Variational Bayesian Matrix Factorization and Certain Post Classifiers for Classification of Epilepsy from EEG Signals

 

Harikumar Rajaguru, Sunil Kumar Prabhakar

Department of ECE, Bannari Amman Institute of Technology, India

*Corresponding Author E-mail: sunilprabhakar22@gmail.com, harikumarrajaguru@gmail.com

 

ABSTRACT:

The main aim of this paper is to employ Variational Bayesian Matrix Factorization (VBMF) as a dimensionality reduction technique followed by the Gaussian Mixture Model (GMM), Genetic Algorithm (GA) and Naïve Bayes Classifier (NBC) as post classifiers for the classification of epilepsy risk levels from Electroencephalography (EEG) Signals. Since epilepsy is one of the serious disorders of the brain which is characterized by frequent and recurrent seizures, the detection and classification of it seems to be very important. Using the EEG signals, the epileptic seizures can be analyzed because it aids in the recording, diagnosing and for treating other neurological disorders. In this paper, the results are analyzed and compared in terms of sensitivity, specificity, time delay, quality values, performance index and accuracy.

 

KEYWORDS: VBMF, GMM, GA, NBC, EEG.

 

 


INTRODUCTION:

Epilepsy tends to have unpredictable interruptions in the functioning of the brain [1].  Due to the continuos synchronization of the electrical discharges across a particular group of neurons, epileptic seizures occur. Therefore seizure is considered as a transient and abnormal characteristic trait of neurons in the brain [2]. The epileptic seizures affect the consciousness, memory and behaviour of the patient to a high extent thereby disturbing the physical and mental activities of the patients totally.

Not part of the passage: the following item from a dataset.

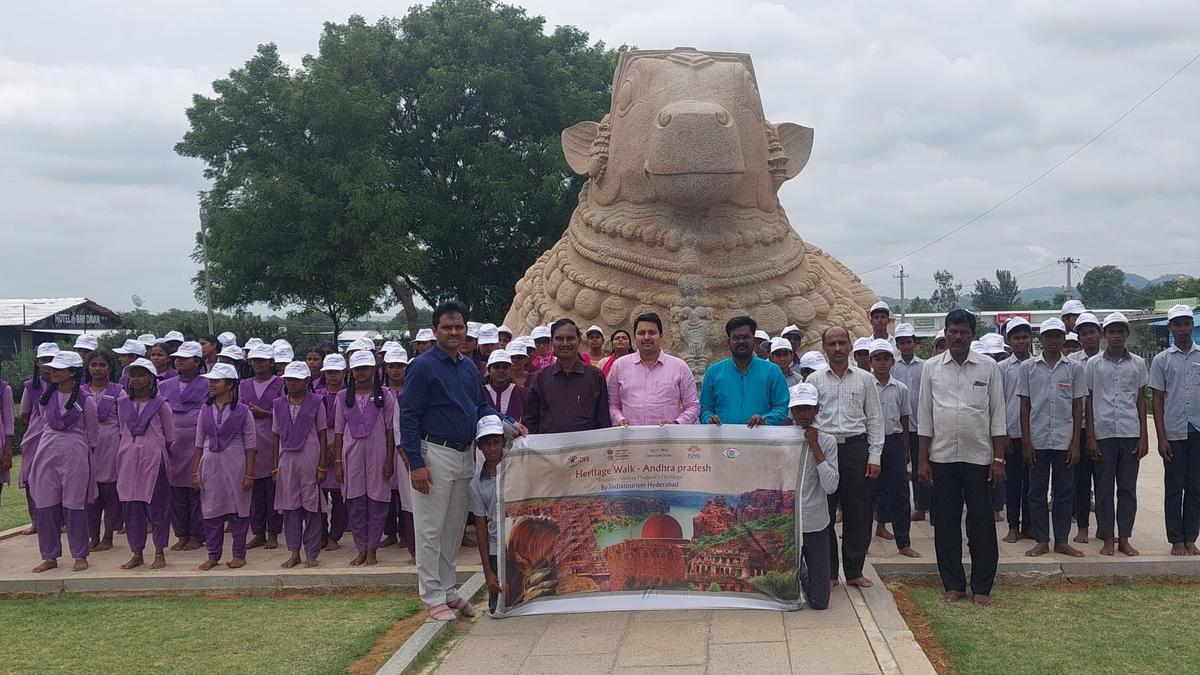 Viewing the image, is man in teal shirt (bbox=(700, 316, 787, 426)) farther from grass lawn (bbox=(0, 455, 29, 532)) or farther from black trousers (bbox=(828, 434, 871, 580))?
grass lawn (bbox=(0, 455, 29, 532))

Diagnosing epilepsy is very important but it is very critical and challenging for the clinicians. For the diagnosis of the epilepsy, EEG is used widely. Several automated methods are available in literature for the analysis and diagnosis of epilepsy [3]. Since the recordings of the EEG seem to be very long, it had lead to the development of automated detection systems. Moreover, the obtained EEG dataset has a huge dimension and therefore it is quite difficult to         process [4].

 

Hence the dimensionality of the EEG dataset should be reduced greatly and so in this paper, VBMF is employed to reduce the dimension of the data set.  In recent years, a great interest has been triggered within biomedical scientists where new machine learning methods are well investigated [4]. In this paper, we have used three different types of post classifiers such as GMM, GA and NBC for our analysis. The paper is organized as follows. In section II, the materials and methods are discussed followed by the usage of VBMF as a dimensionality reduction technique in section III. In section IV the discussion about the post classifiers is done followed by the results and conclusion in section V. Then the paper is concluded along with suitable references.

 

MATERIALS AND METHODS:

For the performance analysis of the epilepsy risk levels using Independent Component Analysis (ICA), Linear Graph Embedding (LGE) and Fuzzy Mutual Information (FMI) as Dimensionality Reduction technique followed by GMM as Post Classifiers, the raw EEG data of 20 epileptic patients who were under treatment in the Neurology Department of Sri Ramakrishna Hospital, Coimbatore, Tamil Nadu, India in European Data Format (EDF) were taken for detailed examination. A high priority is given to the pre processing stage of the EEG signals as it is vital to use the best technique available in literature to extract all the necessary information embedded in the non-stationary biomedical signals [4]. The EEG records which were obtained were continuous for about 30 seconds and each of them was divided into epochs of two second duration in our experiment. Generally a two second epoch is long enough to avoid any unnecessary redundancy in the signal and it is long enough to detect the occurrence of any significant changes in activity and to detect the presence of artifacts in the signal. The total number of channels is 16 for each and every patient and it is over three different epochs. Considering the frequency as 50 Hz, the sampling frequency is considered to be about 200 Hz. The instantaneous amplitude values of the signal correspond to each and every sample and it totals to around 400 values for each and every epoch. Four different artifacts are present in the data such as chewing artifacts, eye blinks, electromyography (EMG) and motion artifacts and approximately the percentage of data which are artifacts is just 1%. Not a single attempt was made to select certain number of artifacts which are of more specific in nature. In order to differentiate the spike categories of waveforms from non spike categories, artifacts are included. The figure 1 shows the block diagram of the procedure.

 

 

 

Figure 1 Block Diagram of the Procedure

 

Initially the sampling process is applied to the Raw EEG signals. The dimensions of the samples are reduced with the help of Variational Bayesian Matrix Factorization. Then the dimensionally reduced values are given as inputs to the various post classifiers such as GMM, GA and NBC and their performance is compared.

 

Vbmf As A Dimensionality Reduction Technique:

Dimensionality reduction is a basic preprocessing step done to change the dimensions of the data from higher level to a lower level. The dimensionality reduction technique employed here is Variational Bayesian Matrix Factorization Technique [6]. Consider as a low-rank matrix. The matrix is then decomposed into the product of and

Therefore the equation can be written as

If the obtained matrix is denoted as  and if it is prone to the additive noise model, then

where  is a noise matrix

For the Bayesian matrix factorization, the Gaussian priors on the parameters and is used and is represented as follows [6]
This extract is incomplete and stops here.